## Introduction

This sample Notebook creates a [statsmodels](https://www.statsmodels.org/stable/index.html) Machine Learning (ML) model that can be used with the `convert-statsmodel-tutorial.ipynb` tutorial.

This example provides the following:

* `train-statsmodel.ipynb`: A sample Jupyter Notebook that trains a sample model.  The model predicts how many bikes will be rented on each of the next 7 days, based on the previous 7 days' bike rentals, temperature, and wind speed.
   Additional files to support this example are:
  * `day.csv`: Data used to train the sample `statsmodel` example.
  * `infer.py`: The inference script that is part of the `statsmodel`.
* `convert-statsmodel-tutorial.ipynb`: A sample Jupyter Notebook that demonstrates how to upload, convert, and deploy the `statsmodel` example into a Wallaroo instance.    Additional files to support this example are:
  * `bike_day_model.pkl`: A `statsmodel` ML model trained from the `train-statsmodel.ipynb` Notebook.
  * `bike_day_eval.json`: Evaluation data used to test the model's performance.



## Steps

### Import Libraries

Start by importing the libraries we will need to train the model.

In [1]:
import pandas as pd
import datetime

### Train the Model

Load the data from the file `day.csv` and prepare it to be used in the training.

In [2]:
bike_day_frame = pd.read_csv(
        'day.csv',
    low_memory=False)

bike_day_frame['date'] = pd.to_datetime(bike_day_frame['dteday']).dt.date
assert bike_day_frame['date'][0] == datetime.datetime.fromisoformat('2011-01-01').date()

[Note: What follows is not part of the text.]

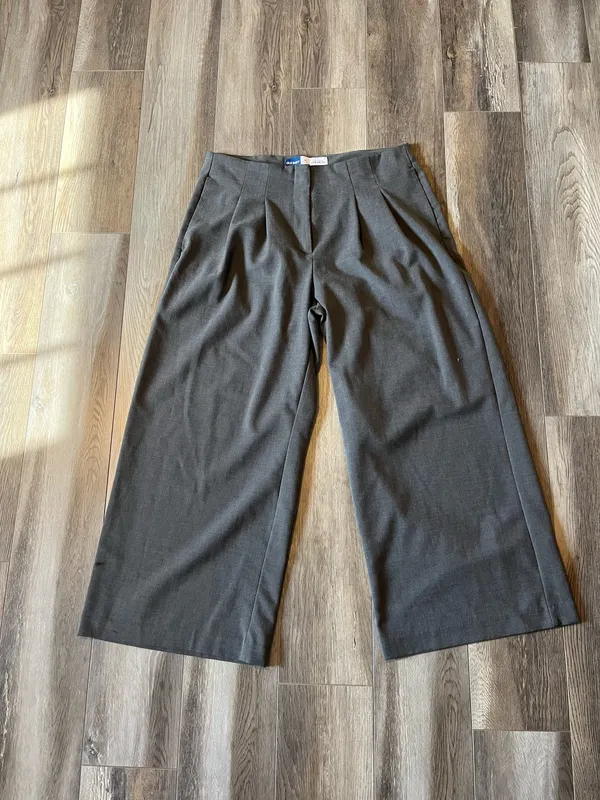 Old Navy Extra High Rise Wide Leg Trousers in Grey Melange - Image 2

# limit down to just the columns I want
extra_regressors = ["temp", "holiday", "workingday", "windspeed"] 
bike_day_frame = bike_day_frame.loc[:, ['date', 'cnt'] + extra_regressors]

# get dates we want to work with
startday = datetime.datetime.fromisoformat('2011-03-15').date() # day of first forecast
nforecast = 7
# limit to range we want
delta_days = (bike_day_frame['date'] - startday).dt.days

### Split and Train

With the data loaded, we can now train the model.

In [3]:
# limit down to the training period (basically, delta_days < 0) and the days we want to forecast
training_frame = bike_day_frame.loc[(delta_days < 0), :].reset_index(drop=True, inplace=False)
evaluation_frame = bike_day_frame.loc[(delta_days >= 0) & (delta_days<nforecast), :].reset_index(drop=True, inplace=False)

In [5]:
from statsmodels.tsa.statespace.sarimax import SARIMAX
model = SARIMAX(training_frame.cnt, training_frame.loc[:, extra_regressors], order=(1,0,1)).fit(disp=False)

### Create Pickle Package

The pickled Python runtime expects a dictionary with two keys: `model` and `script`:

* `model`—the pickled model, which will be automatically loaded into the python runtime with the name 'model'
* `script`—the text of the python script to be run, in a format similar to the existing python script steps (i.e. defining a wallaroo_json method which operates on the data)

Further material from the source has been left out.